Exercise.
What you produce should match the records below precisely, except that images are removed.
* * * *
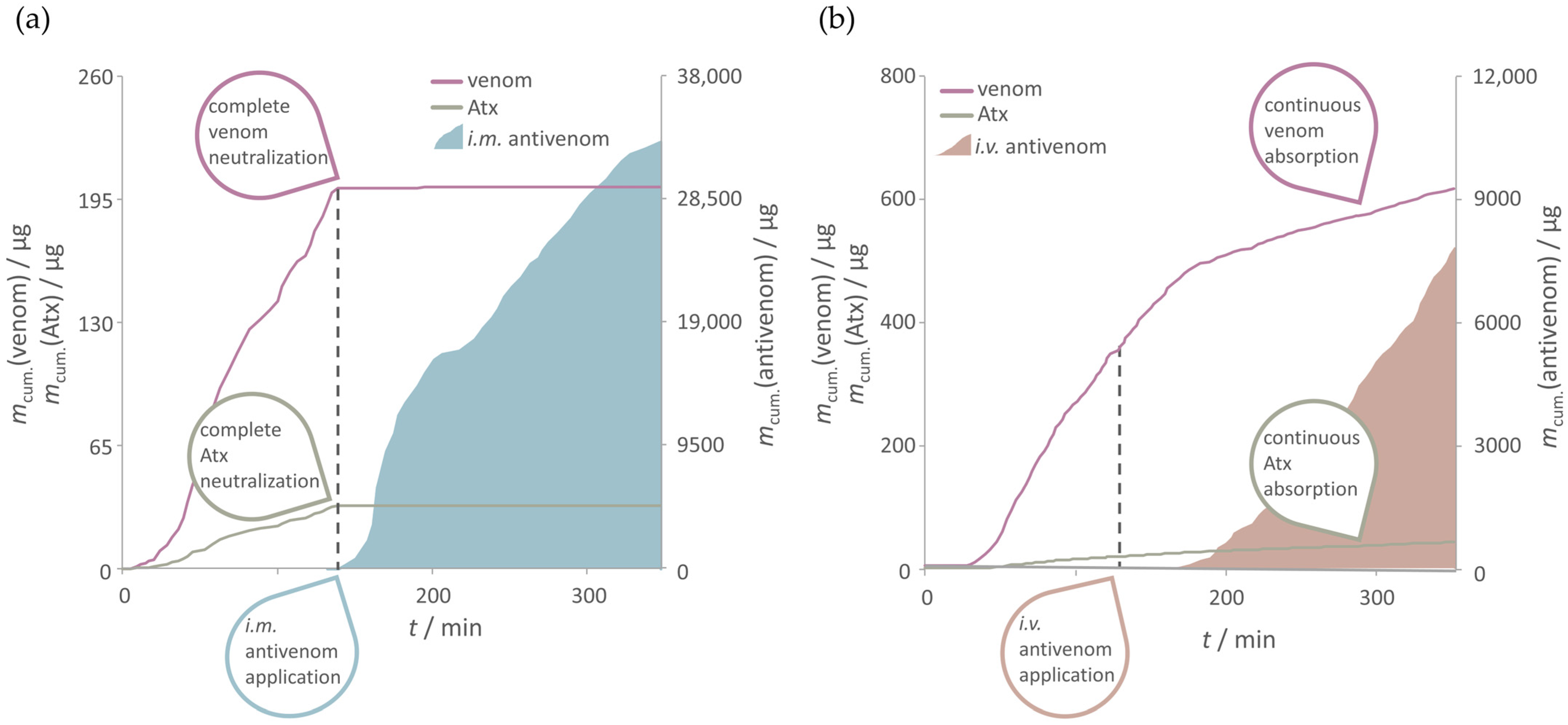 Pharmaceutics 17 00212 g004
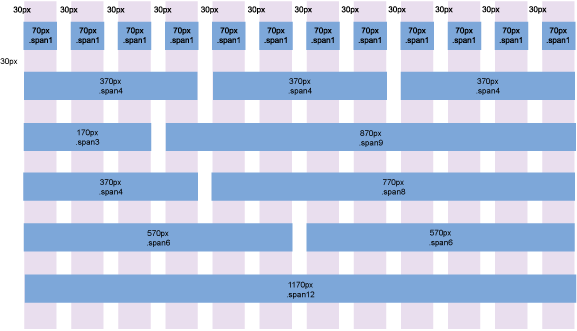 figure1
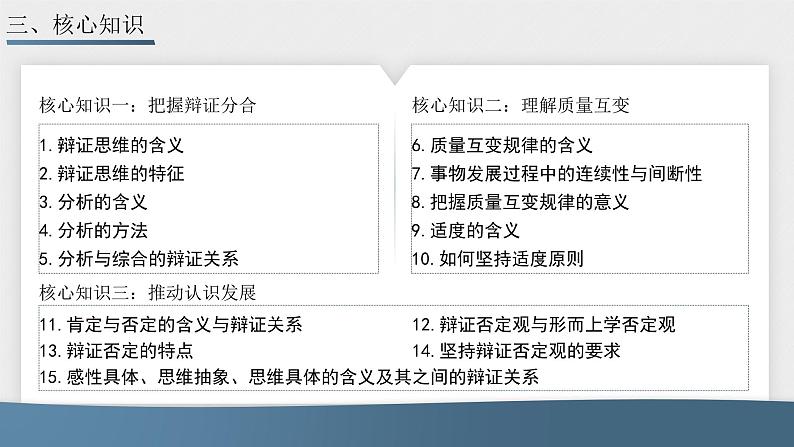 第三单元 运用辩证思维方法 课件-2023届高考政治一轮复习统编版选择性必修三逻辑与思维04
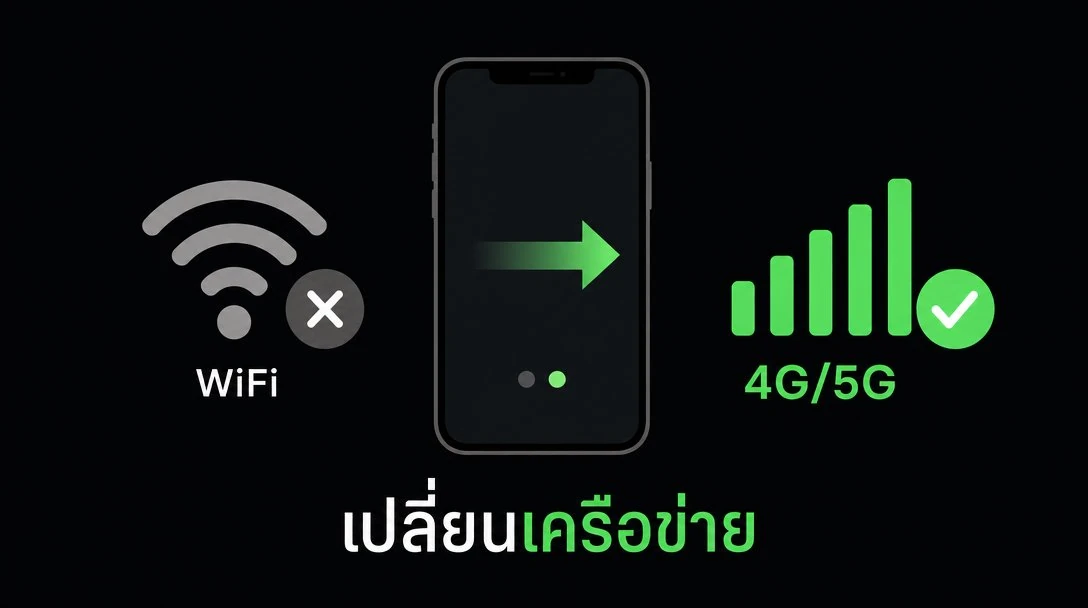 UFAVIP777 เปลี่ยนเครือข่ายอินเทอร์เน็ตหรืออุปกรณ์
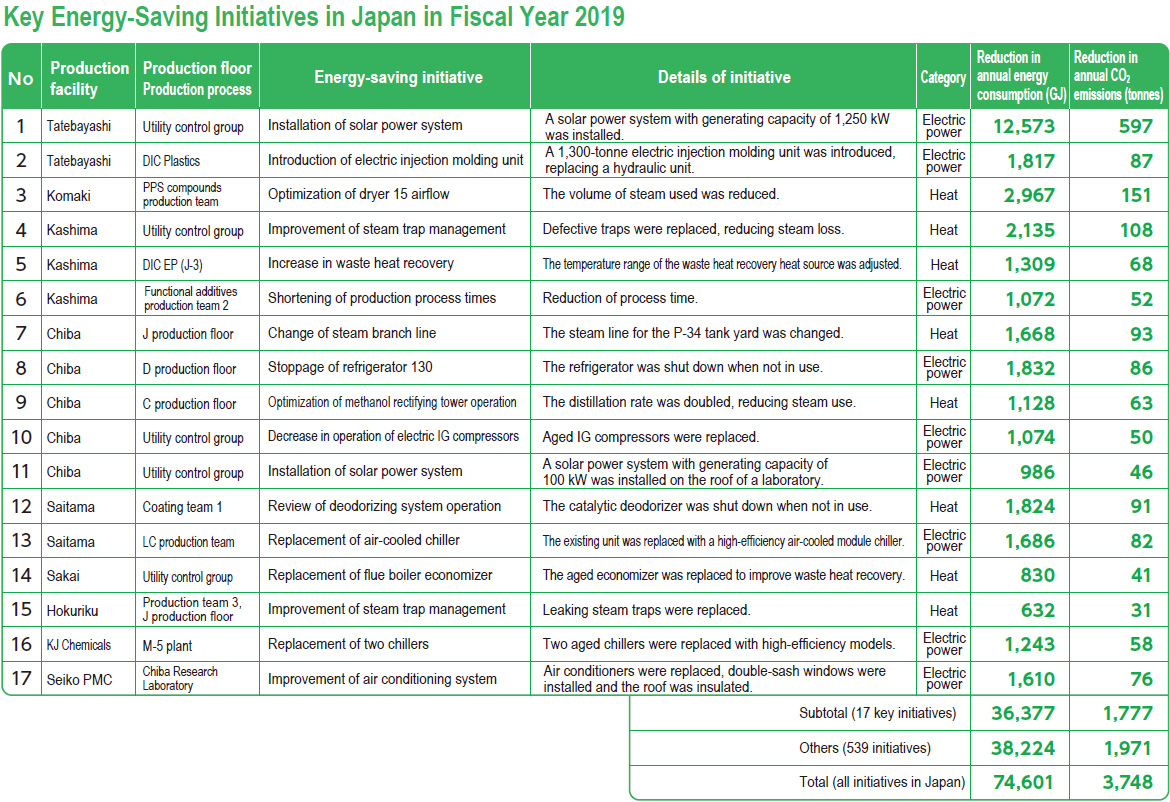 Key Energy-Saving Initiatives in Japan in Fiscal Year 2019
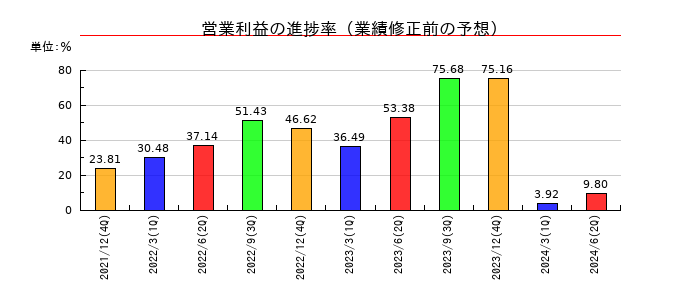 理研コランダムの営業利益の進捗率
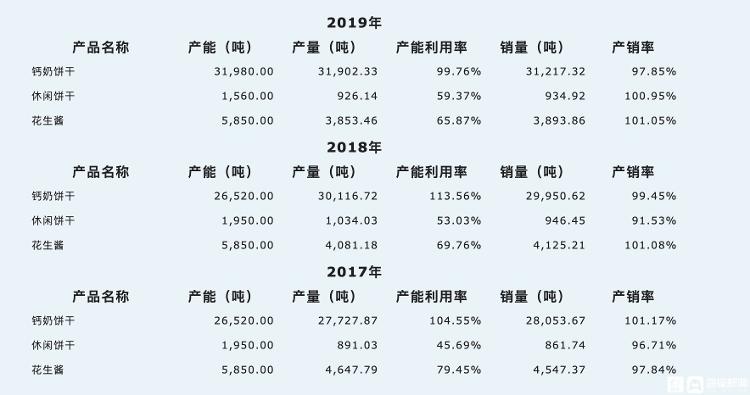 青岛食品IPO获批，71岁老牌食品企业正式进军A股主板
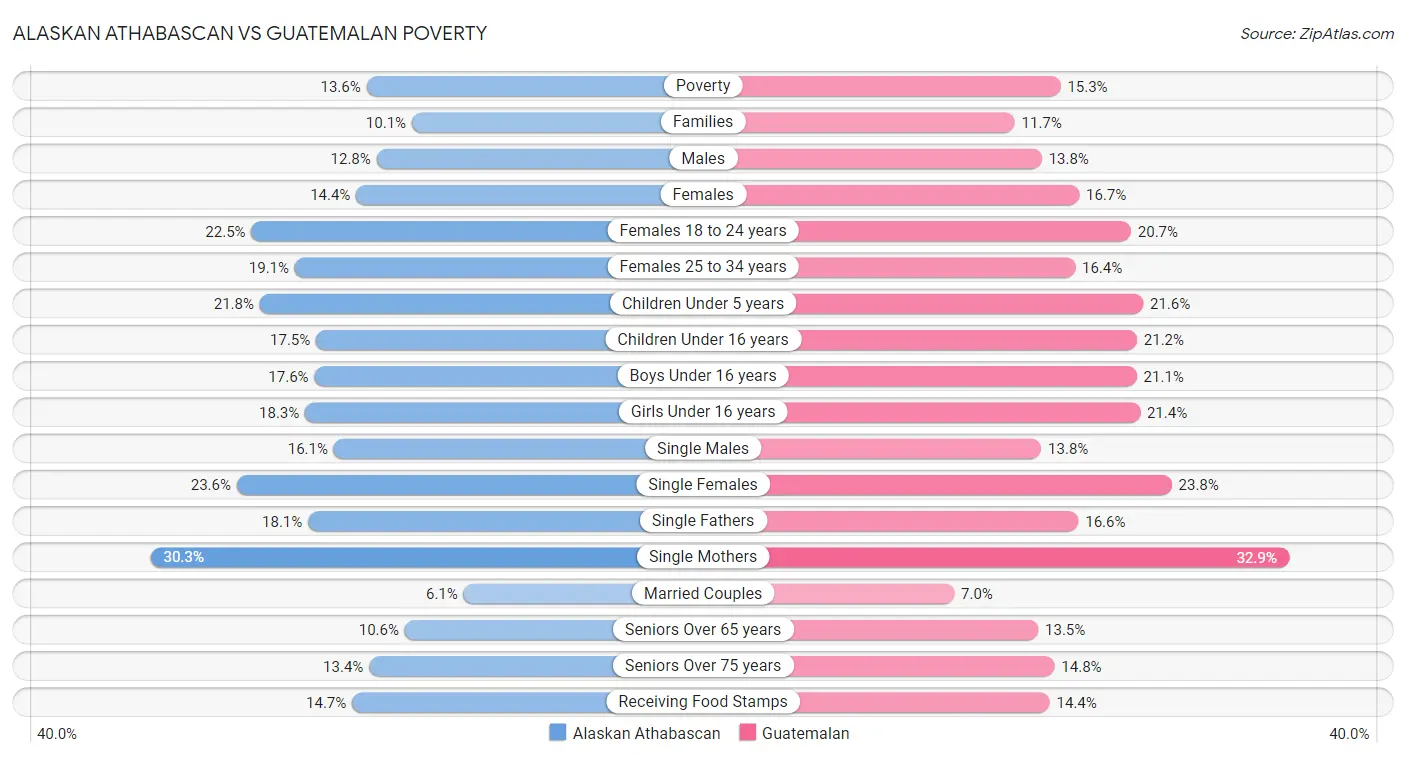 Alaskan Athabascan vs Guatemalan Poverty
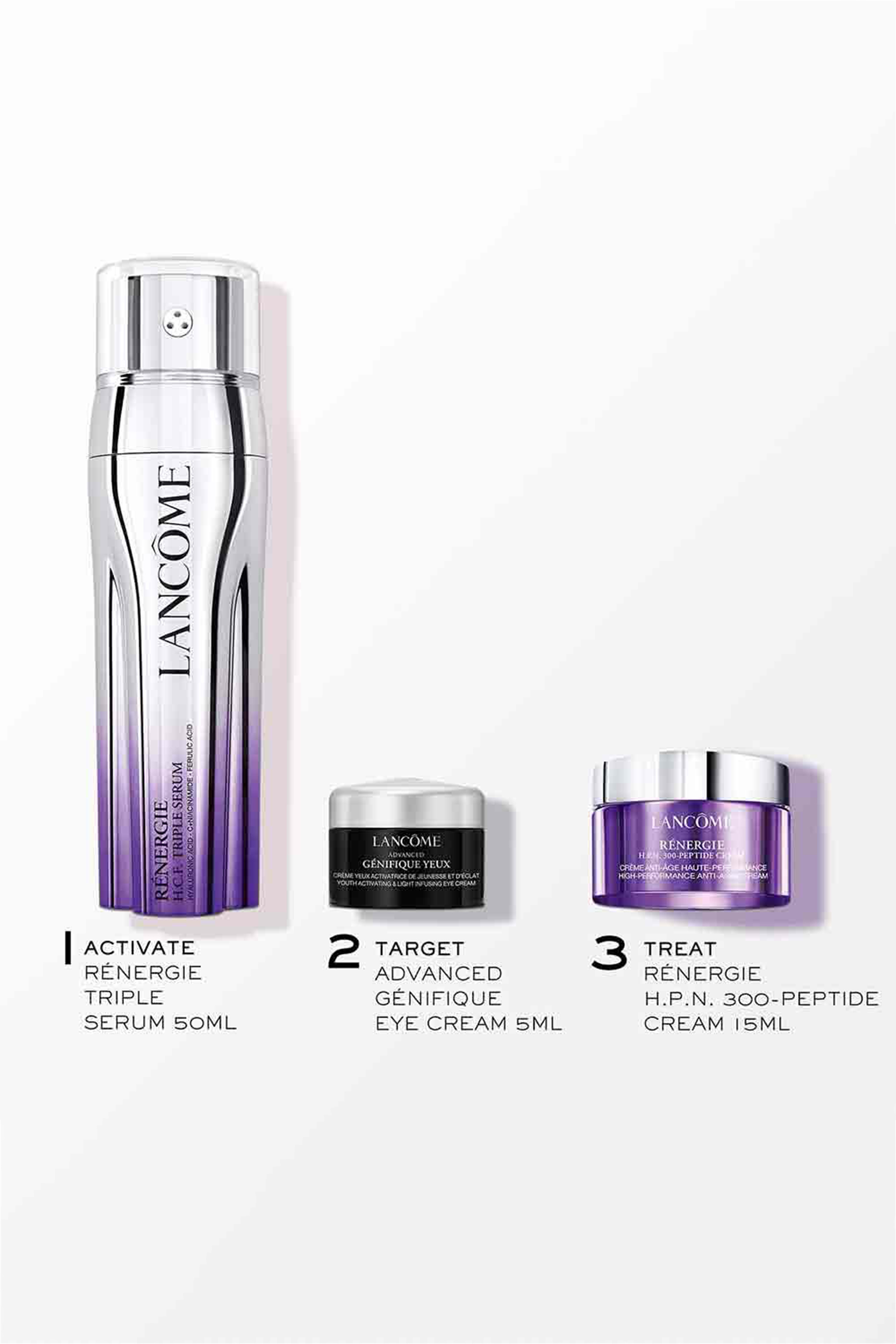 مجموعة العناية بالبشرة رينرجي اند جينيفيك بإصدار محدود للكريسماس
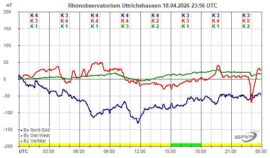 Magnetogramm_18_04_2026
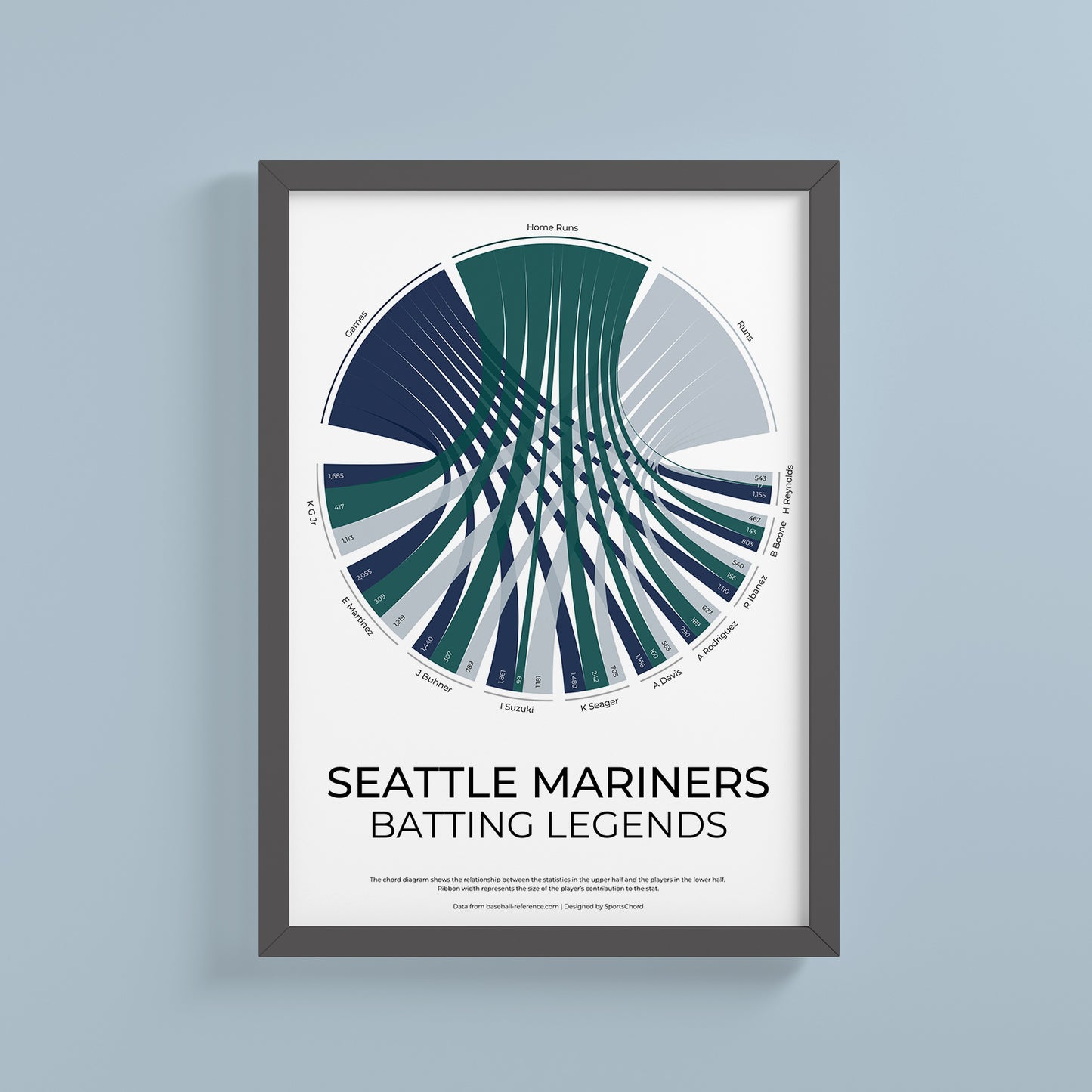 Marins de Seattle 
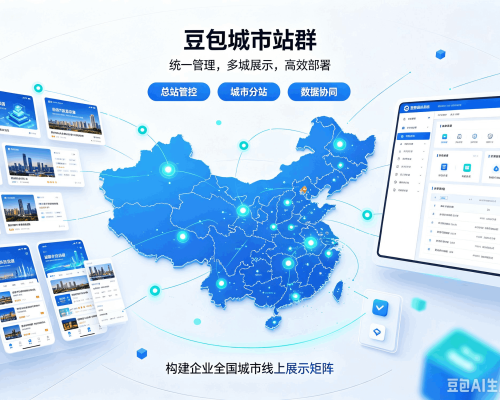 游仙豆包城市站群
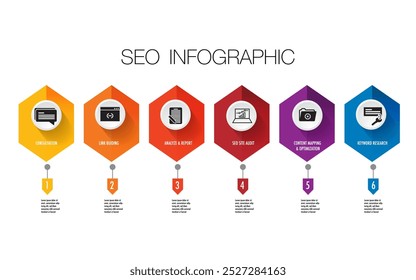 Infográfico 6 passo SEO e roteiro para gráfico de negócios para apresentar dados, progresso, direção, design limpo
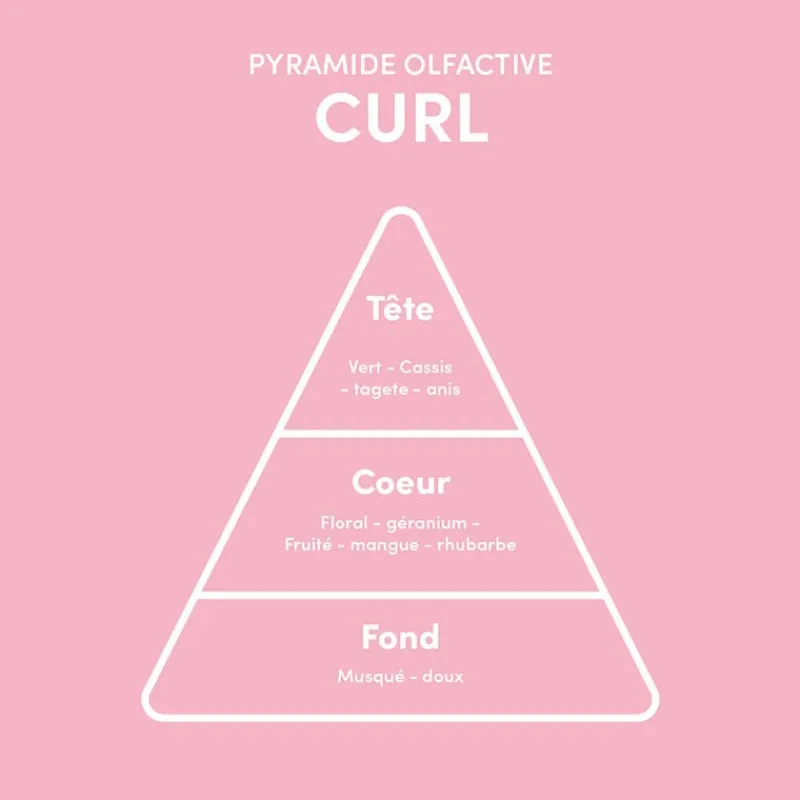 Myriam.K Paris Masque cheveux bouclés Curl Outlet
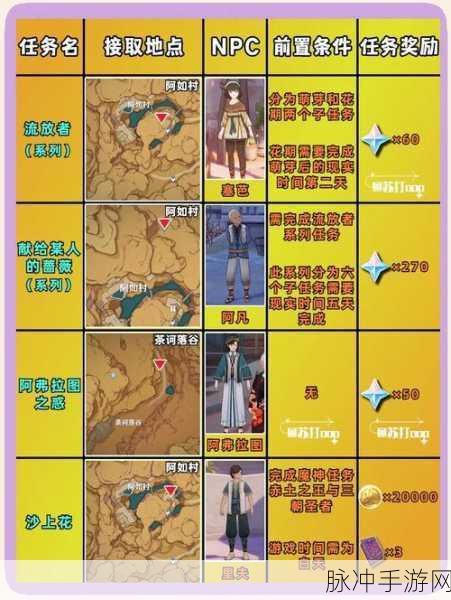 原神再次进入遗迹,全面解析任务攻略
* * * *
Expected answer.
 Pharmaceutics 17 00212 g004
 figure1
 第三单元 运用辩证思维方法 课件-2023届高考政治一轮复习统编版选择性必修三逻辑与思维04
 UFAVIP777 เปลี่ยนเครือข่ายอินเทอร์เน็ตหรืออุปกรณ์
 Key Energy-Saving Initiatives in Japan in Fiscal Year 2019
 理研コランダムの営業利益の進捗率
 青岛食品IPO获批，71岁老牌食品企业正式进军A股主板
 Alaskan Athabascan vs Guatemalan Poverty
 مجموعة العناية بالبشرة رينرجي اند جينيفيك بإصدار محدود للكريسماس
 Magnetogramm_18_04_2026
 Marins de Seattle 
 游仙豆包城市站群
 Infográfico 6 passo SEO e roteiro para gráfico de negócios para apresentar dados, progresso, direção, design limpo
 Myriam.K Paris Masque cheveux bouclés Curl Outlet
 原神再次进入遗迹,全面解析任务攻略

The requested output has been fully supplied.